The new paradigm requires a mechanism to explain how quasicrystals grow. If the quasicrystals are grown slowly, then thermodynamic relaxation to the ground state is possible. However, some of the most perfect quasicrystal samples, including AlNiCo , are formed by rapid quenching. In this volume, Socolar has described a scheme for solids equivalent to Penrose patterns based on obtuse and acute rhombi using vertex rules and stochastic growth similar to diffusion limited aggregation. This approach can be adapted to overlapping clusters. (Janot has already suggested a similar mechanism for overlapping clusters, although his vertex rules allow random tilings as well as perfect quasiperiodic tilings.) If quasicrystals form due to a particular cluster being energetically favored, a simpler kinematic mechanism may be through local atomic rearrangement that increases the local density of the given atomic cluster.

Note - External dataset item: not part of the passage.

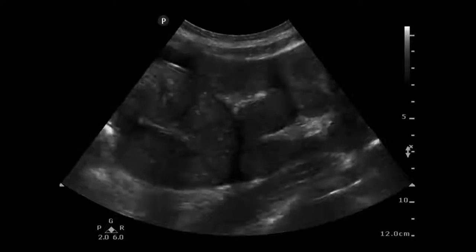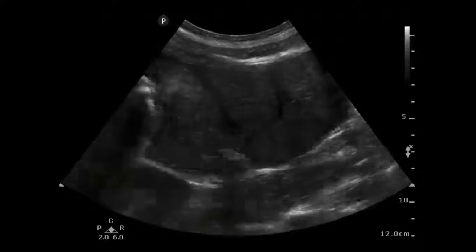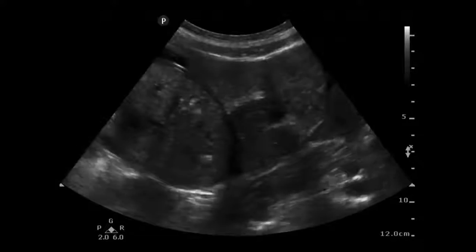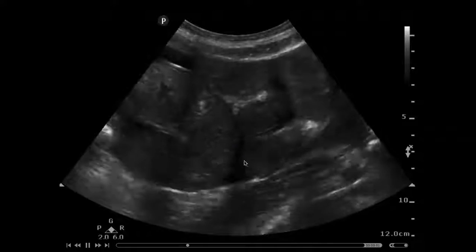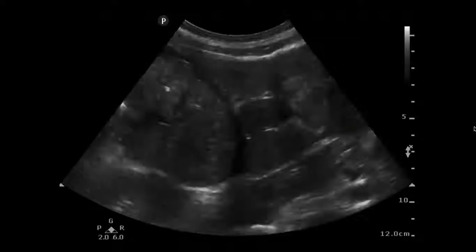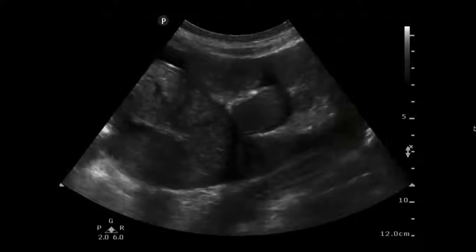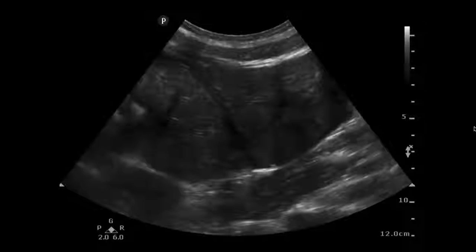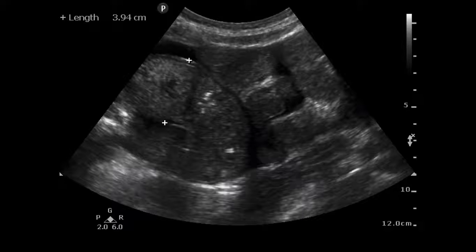This is what abnormal looks like. We can see multiple loops of dilated small bowel, and if we look up here and down here, we can see a little bit of abdominal free fluid, which indicates a poor prognosis. When we actually measure this out, it measures 3.9 centimeters, which is above our cutoff of 2.5.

The overlapping cluster picture may also account for other physical properties of quasicrystals. Janot has suggested that the cluster picture can naturally explain the inelastic neutron scattering properties, and the electrical and thermal conductivity behavior. Finally, the new paradigm suggests a natural explanation of why quasicrystals form, shedding new light on an old mystery. In the new picture, the problem reduces to the behavior of small atom clusters. Perhaps total energy calculations based on a modest number of atoms may be used to understand why quasicrystals form and to predict new ones.
From future structural and kinematical studies of known quasicrystals, such as AlNiCo , these principles may be established providing a new understanding of and new control over the formation and structure of quasicrystals.